**WHAT IS REQUIRED**
Word for word, reproduce all entries below, leaving every picture out.

**DATA SUPPLIED**
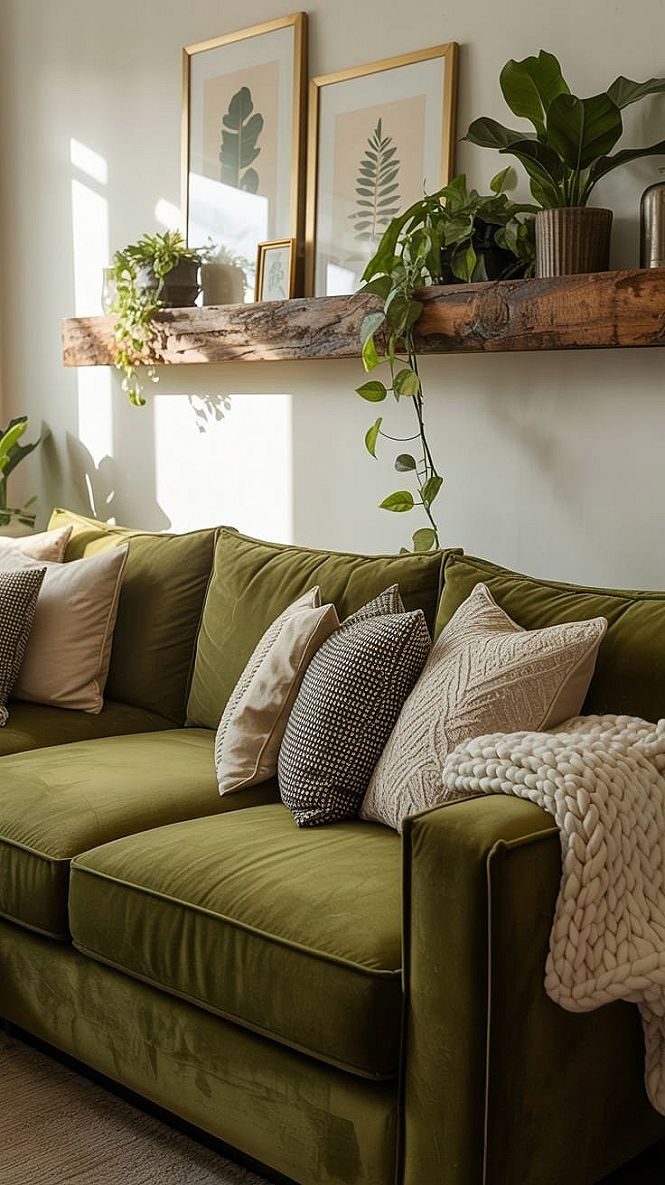 Boho Green Couch Living Room: Cozy Decor & Earthy Vibes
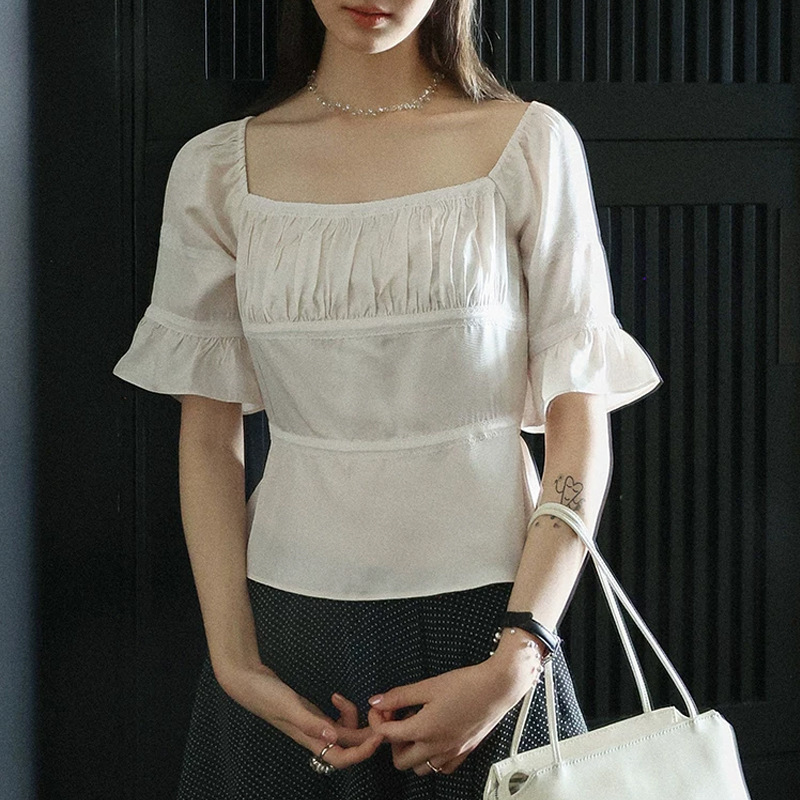 Lalglow Full Acetate French Puff Sleeve Slim Fit Lace Patchwork Short Sleeve Shirt Women's Square Neck Top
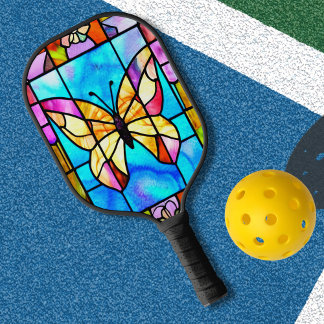 ステンドグラス蝶ピックボールパドル ピックルボールラケット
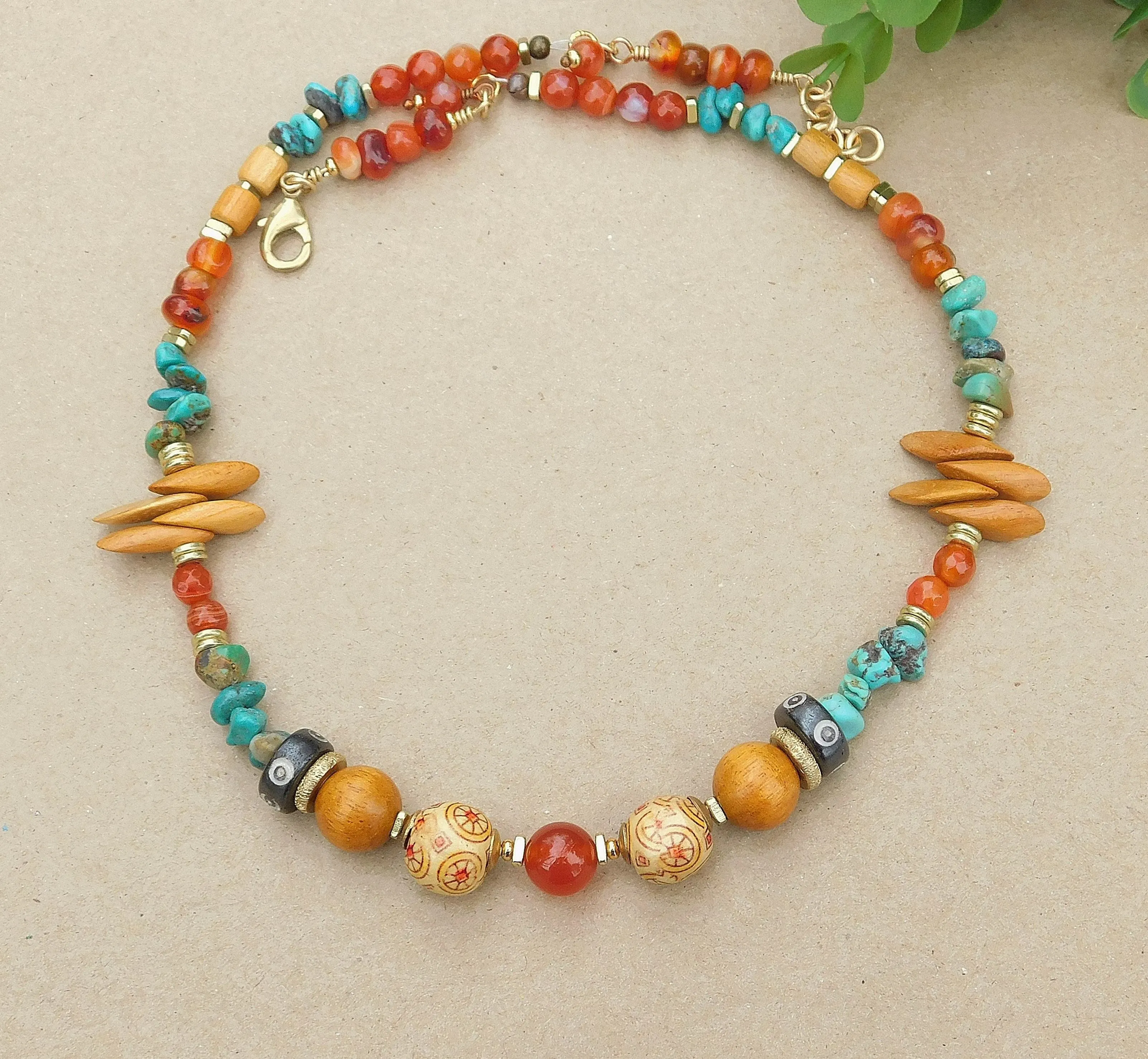 Gorgeous Turquoise and Carnelian Necklace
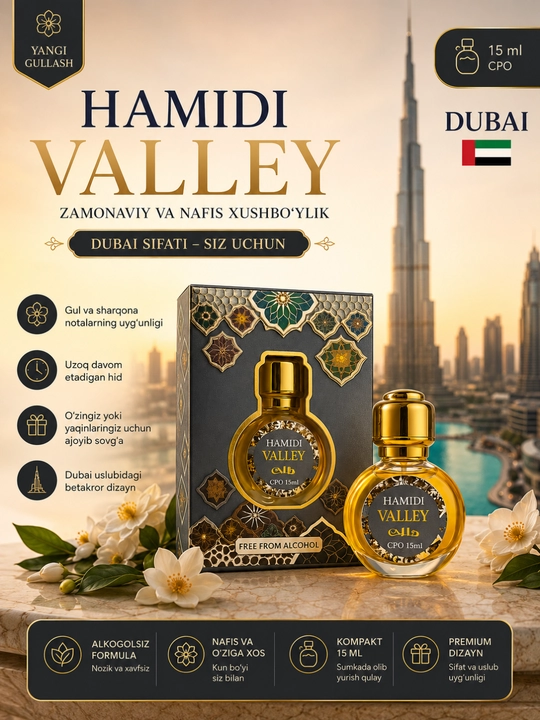 Hamidi Bloom va Valley CPO, 15 ml, Dubay atirlari, alkogolsiz, premium - 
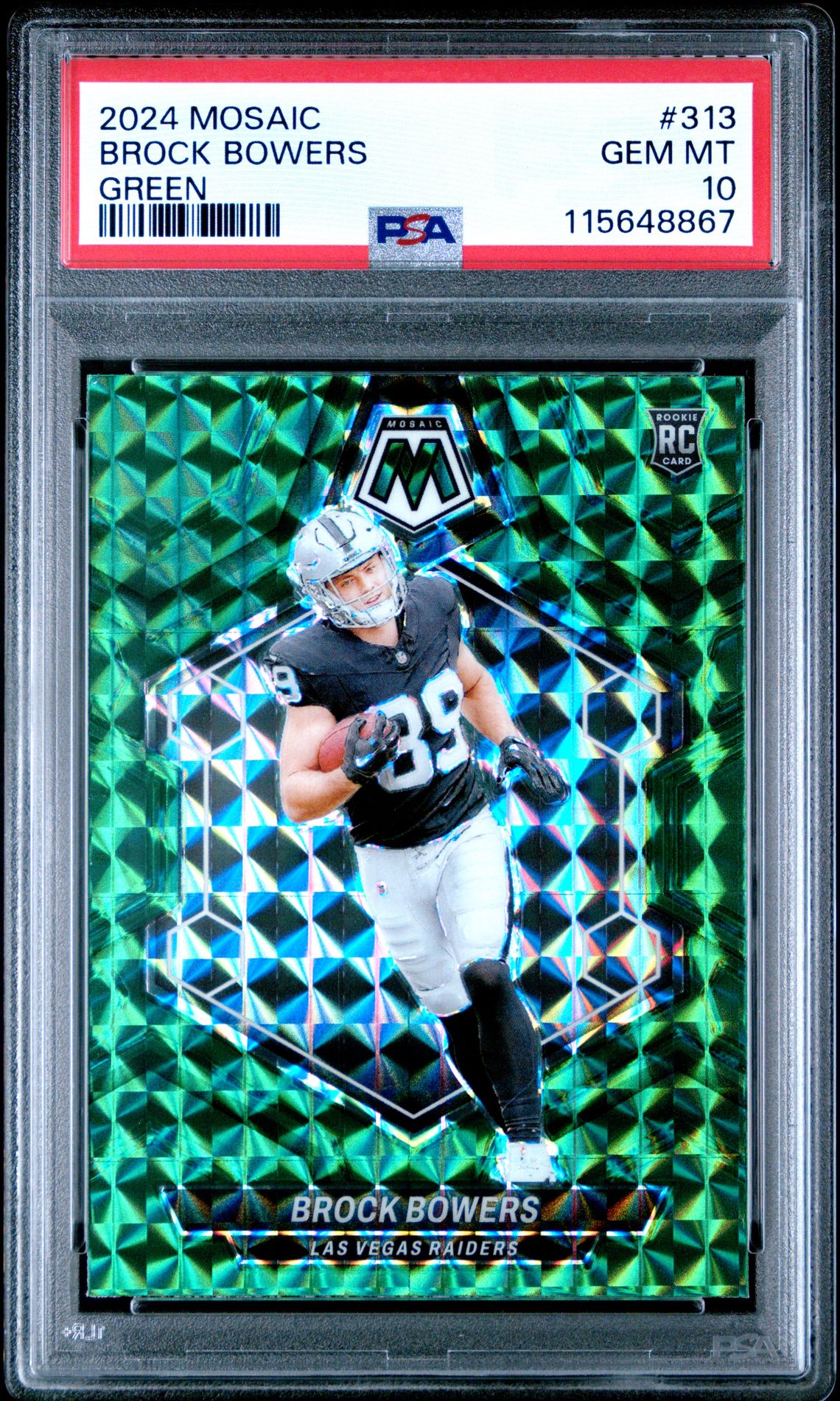 2024 Panini Mosaic Brock Bowers #313 (Green) Gem Mt 10 front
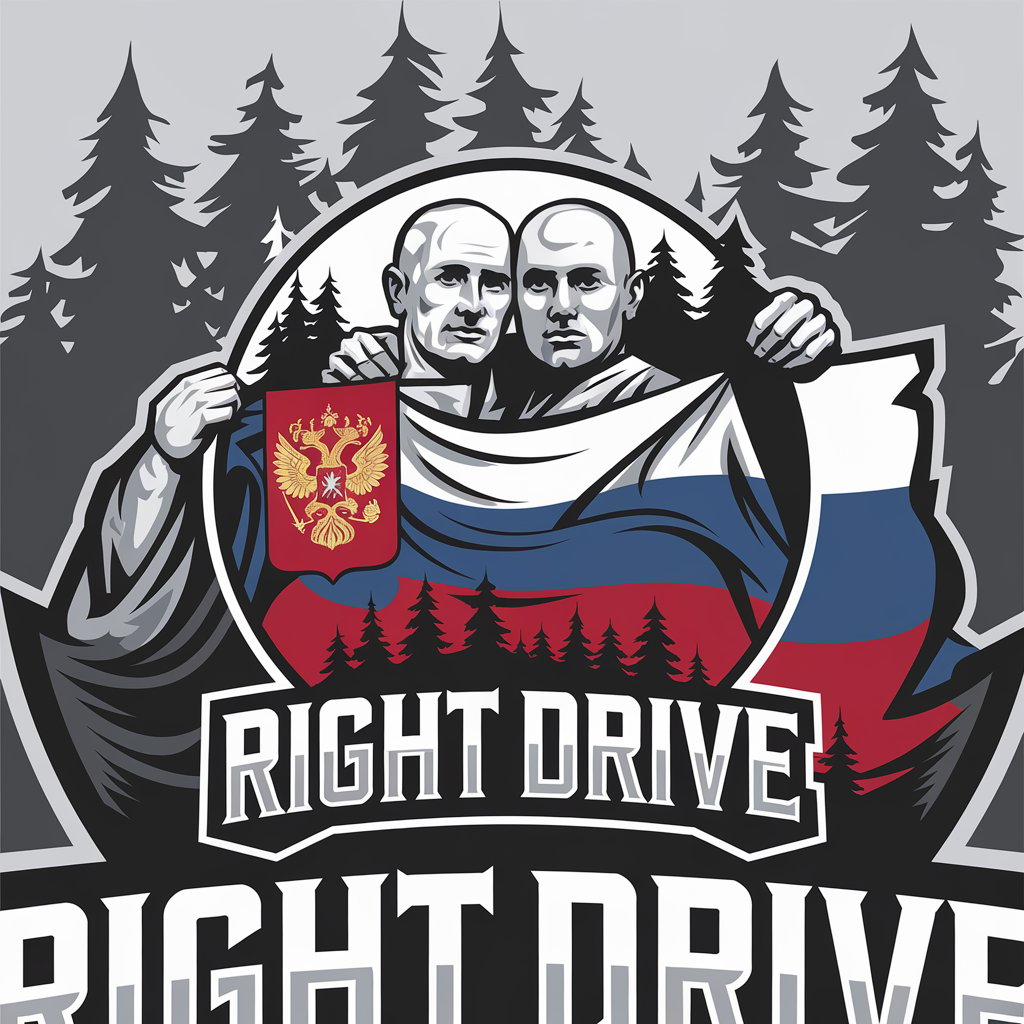 LOGO Design for Right Drive Bald Boys Hugging in Front of Forest with Russian Empire Flag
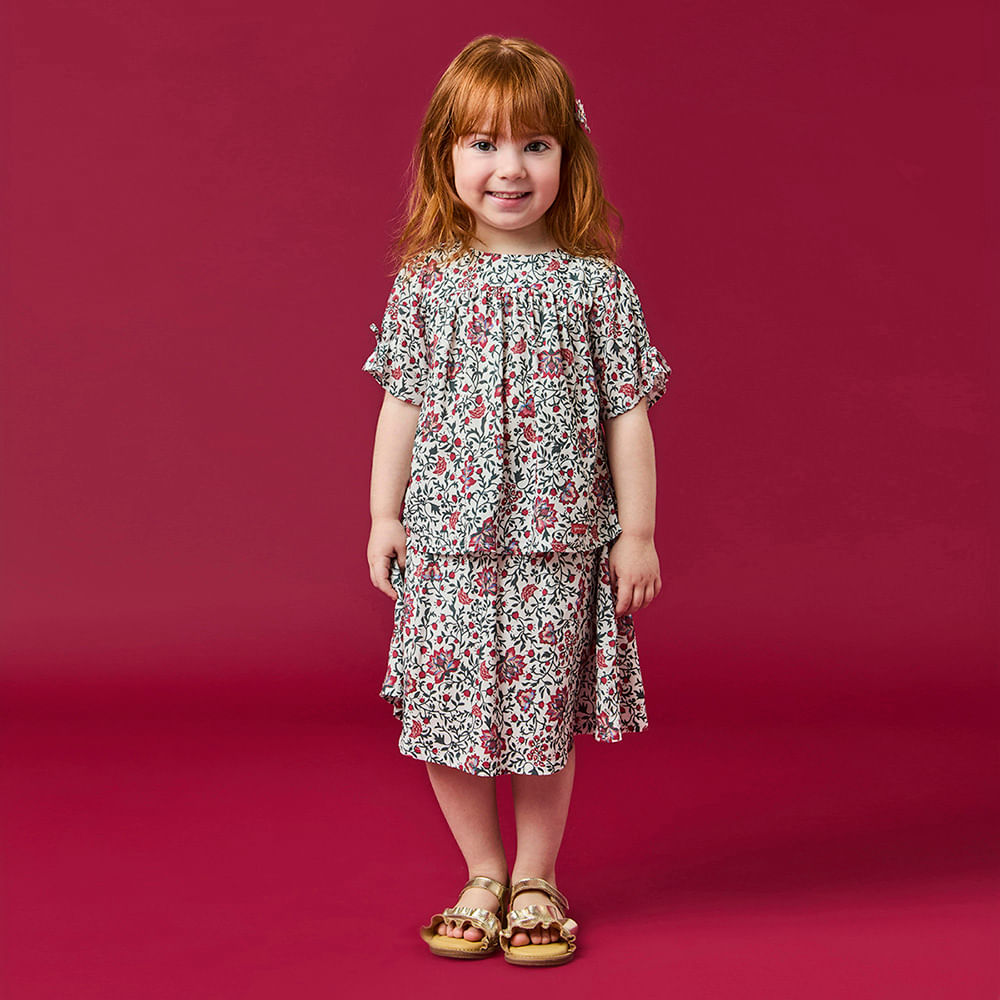 Conjunto Toddler Menina Jardim Off-White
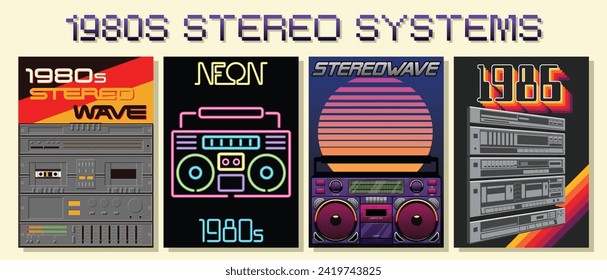 1980s Stereo Systems, Vintage Posters, 80s Backgrounds, Boombox, Recorder 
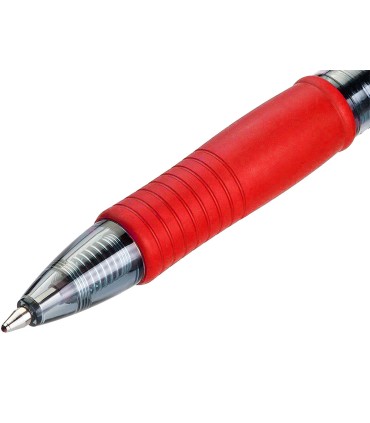 Boligrafo pilot g 2 rojo tinta gel retractil sujecion de caucho en blister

**RESPONSE**
 Boho Green Couch Living Room: Cozy Decor & Earthy Vibes
 Lalglow Full Acetate French Puff Sleeve Slim Fit Lace Patchwork Short Sleeve Shirt Women's Square Neck Top
 ステンドグラス蝶ピックボールパドル ピックルボールラケット
 Gorgeous Turquoise and Carnelian Necklace
 Hamidi Bloom va Valley CPO, 15 ml, Dubay atirlari, alkogolsiz, premium - 
 2024 Panini Mosaic Brock Bowers #313 (Green) Gem Mt 10 front
 LOGO Design for Right Drive Bald Boys Hugging in Front of Forest with Russian Empire Flag
 Conjunto Toddler Menina Jardim Off-White
 1980s Stereo Systems, Vintage Posters, 80s Backgrounds, Boombox, Recorder 
 Boligrafo pilot g 2 rojo tinta gel retractil sujecion de caucho en blister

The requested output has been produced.